Ancora Lombardo, nel 1979, progetta e realizza lo Specchio tachistoscopico con stimolazione a sognare. Si tratta di uno specchio, piuttosto sottile, montato su una scatola. Internamente è inserita un’immagine che diventa visibile per un brevissimo istante quando la scatola è illuminata da un flash. Lo spettatore è invitato a osservare la propria immagine per qualche minuto, concentrandosi sull'occhio destro. Al momento opportuno sarà lo stesso spettatore ad attivare il flash mediante un pulsante. La notte stessa, o quella immediatamente successiva, lo spettatore sognerà... Sarà il sogno il vero evento. Si presume che questo sia indimenticabile e che riguarderà l’immagine della persona in forme nuove, simboliche. La persona sarà tenuta a descrivere, anche graficamente, il sogno compiuto. Secondo Lombardo si dovrebbe trattare della reale, vera, autentica immagine di chi ha partecipato all’esperimento.

 

Giovanni Di Stefano, altro attivista eventualista, nel 1989 realizza Correzioni della memoria. Dipinti in colori vinilici su tela. L’opera-stimolo consiste in figure geometriche, disposte più o meno casualmente su di una base bianca. Il fruitore osserva la composizione e successivamente tenta di ricomporla esclusivamente servendosi del proprio ricordo. La nuova composizione diviene così lo stimolo per lo spettatore seguente.

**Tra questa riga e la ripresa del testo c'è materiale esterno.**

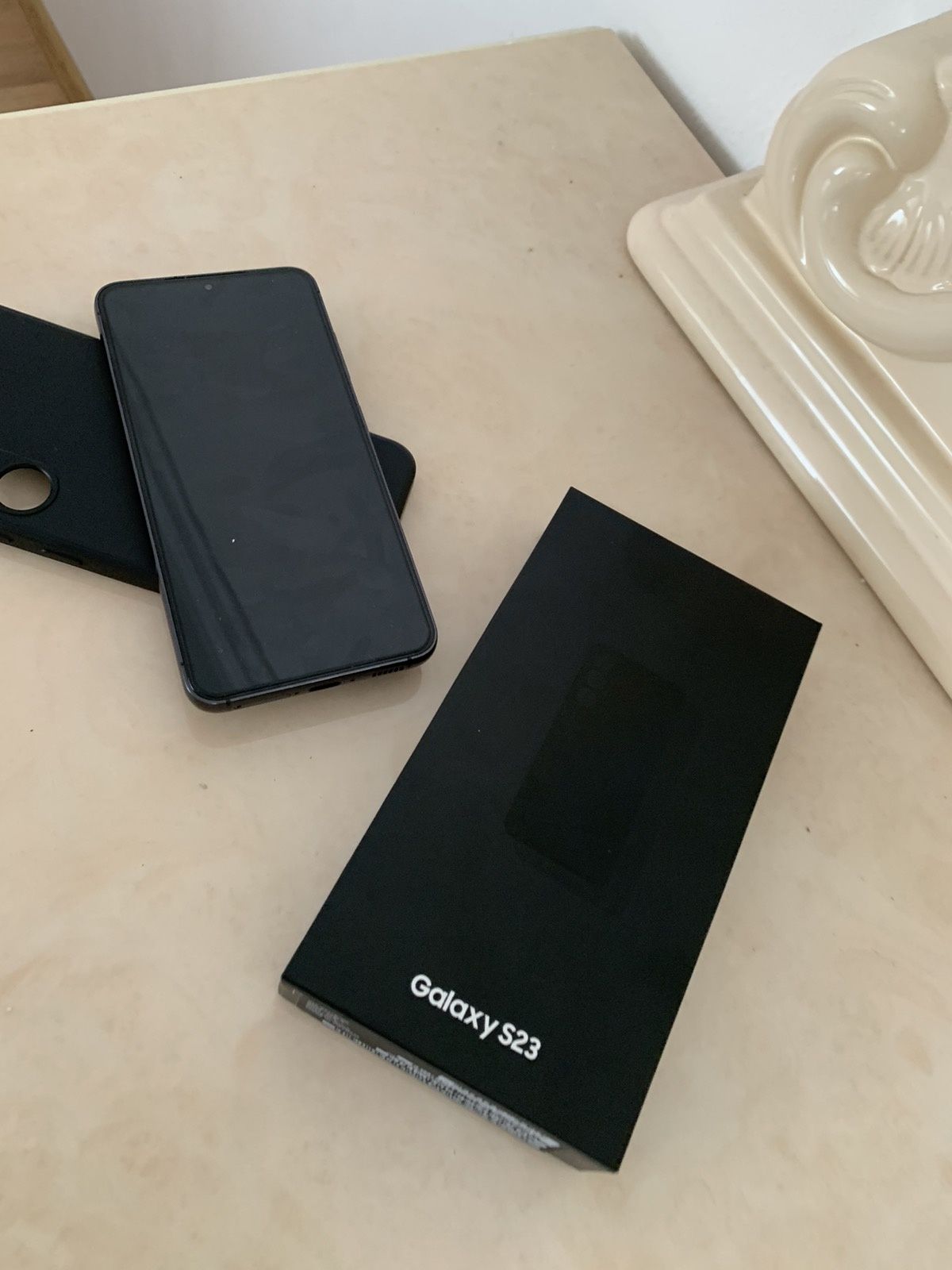 Продам Samsung Galaxy S23 6/128 Новий Стан Супер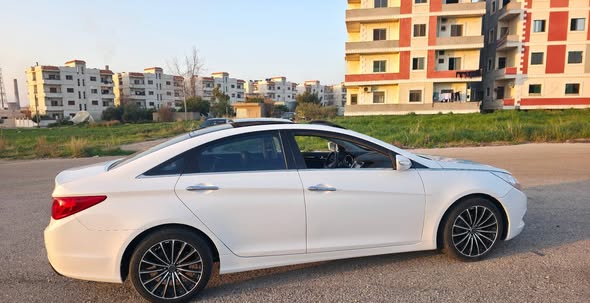 هيونداي سوناتا 2011 - صورة 2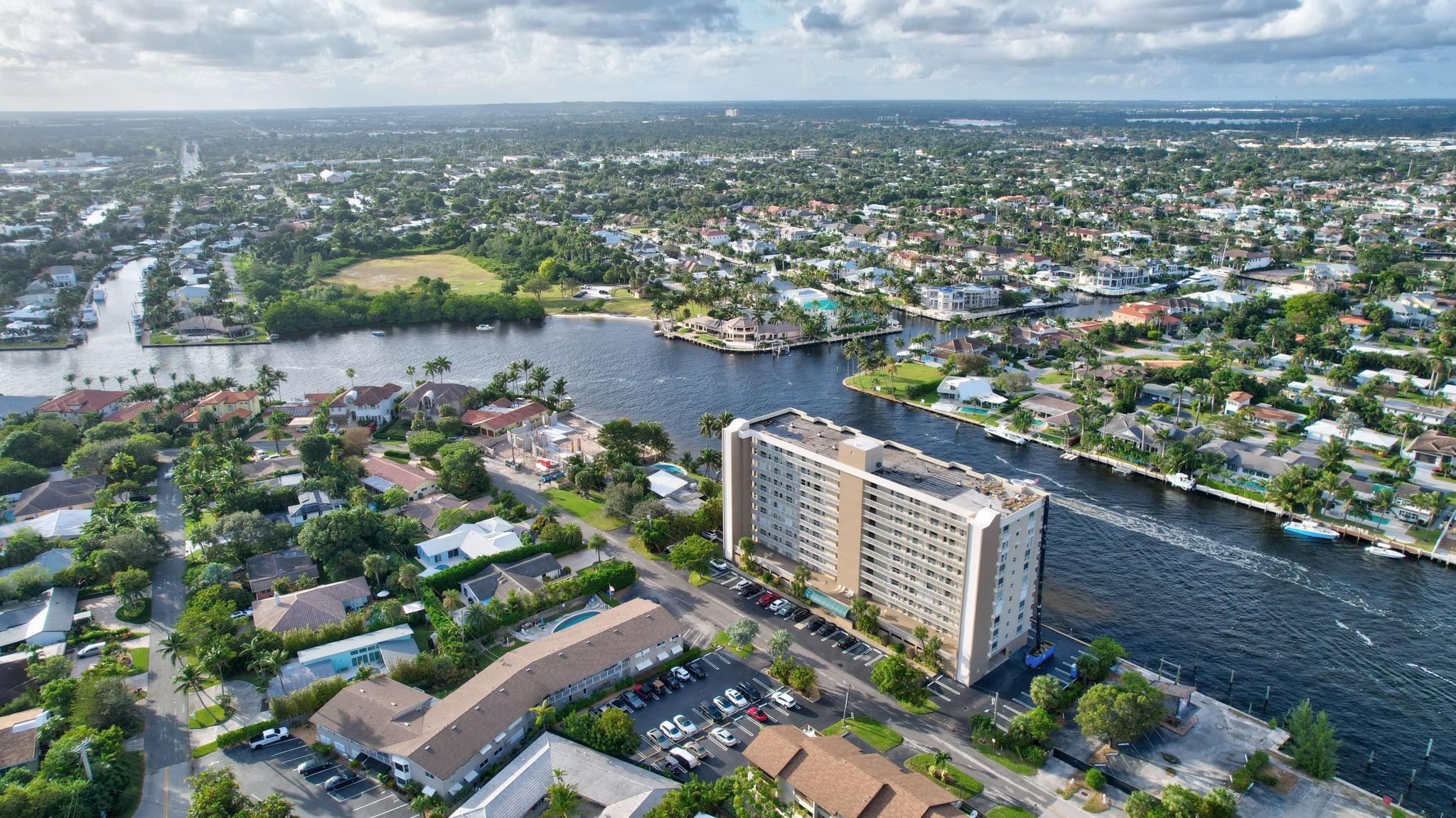 2611 N Riverside Dr 607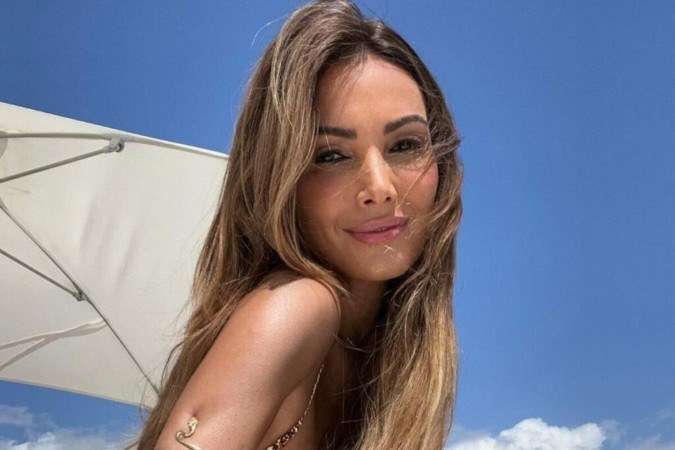 Patrícia Poeta posa de biquíni na praia em look todo branco -  (crédito: Observatorio dos Famosos)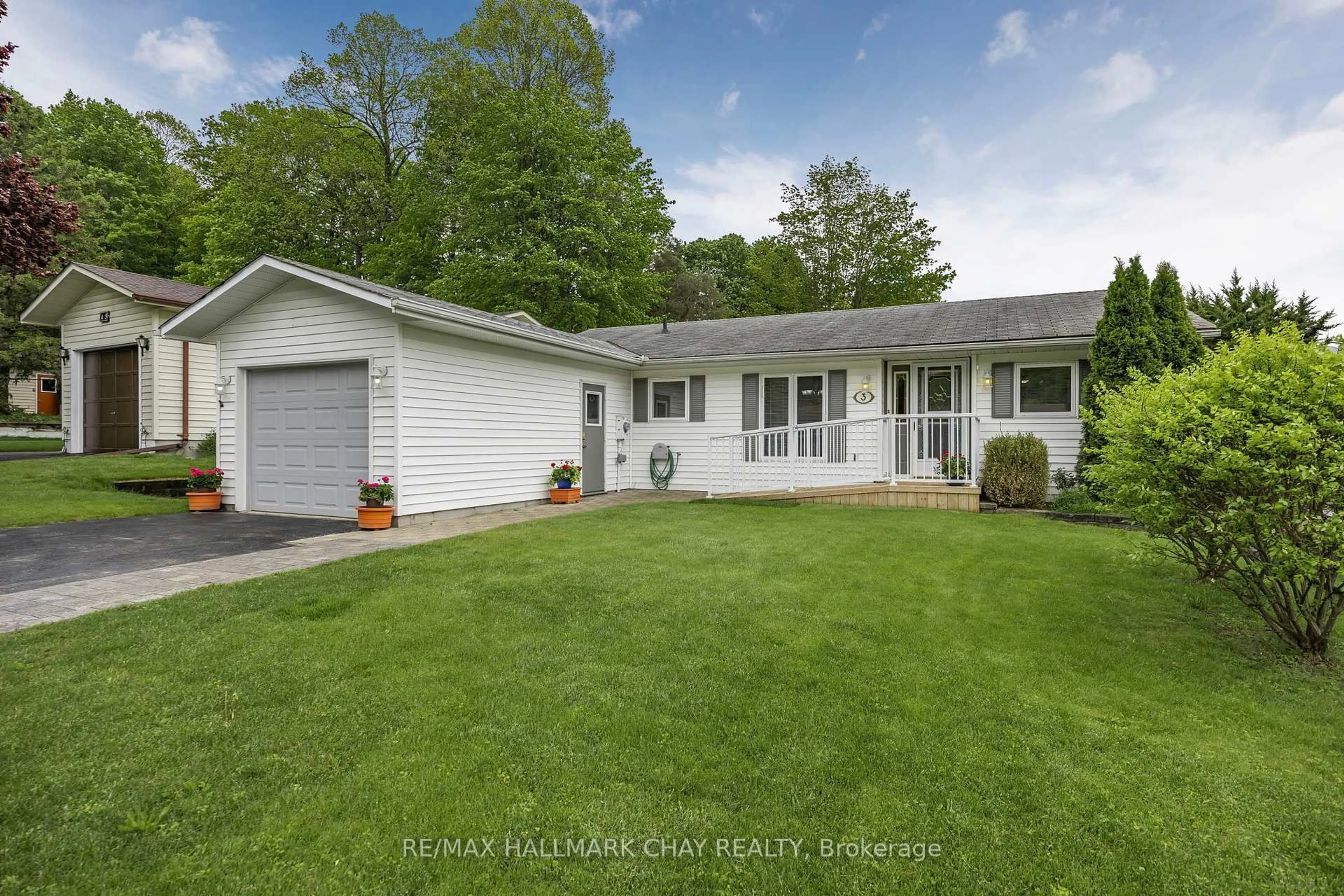 Home with vinyl exterior material, street for 3 Pinetree Crt, New Tecumseth Ontario L0G 1W0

L’esperienza viene ripetuto otto volte.

 

Questa è una tecnica compositiva simile, nella meccanica, a un esercizio spesso eseguito in ambiente surrealista, il gioco dal nome Le cadavre exquis boira du nouveau vin (il cadavere eccellente berrà il vino novello). Ogni giocatore era tenuto a scrivere una singola parola, una frase, comporre una poesia o un racconto breve. Al termine di ciò, il giocatore successivo, avrebbe dovuto continuare il lavoro precedente ignorandone del tutto il contenuto o conoscendone solo la parola finale. Si costruiva così un’opera tramite eventi successivi, individuali e spontanei.

 

Quando venne eseguito per la prima volta, si ottenne la frase le cadavre exquis boira du nouveau vin; da qui il nome dato al gioco. Questo esercizio ha trovato tra i surrealisti anche altre applicazioni. Seguendo lo steso schema, il gioco è stato compiuto anche mediante il disegno. Ogni giocatore si trovava nella condizione di continuare un disegno precedentemente eseguito, pur non conoscendolo interamente. I risultati furono eccellenti: figure dinamiche e grottesche, irreali, evocative di immagini ancora più remote, simili in molti aspetti alle crature realizzate da Bosch secoli prima. La produzione artistica che più ha saputo tradurre il pensiero surrealista, ha dunque trovato un validissimo strumento in questo gioco; era “automatismo psichico puro…” come André Breton dichiarava, senza alcuna limitazione formale e stilistica; riversare su carta immagini o parole la cui natura è spontanea perché nasce da un input spontanei.

 

Come si osserva dagli esempi sopra decritti, gli stimoli sono variabili, nella loro struttura e nel meccanismo che essi possono innescare: circostanze particolari nelle quali interagire spontaneamente con oggetti, immagini, suoni che conducono comunque a una nuova idea di percezione e fruizione dell’opera d’arte. Sicuramente più dinamica e coinvolgente.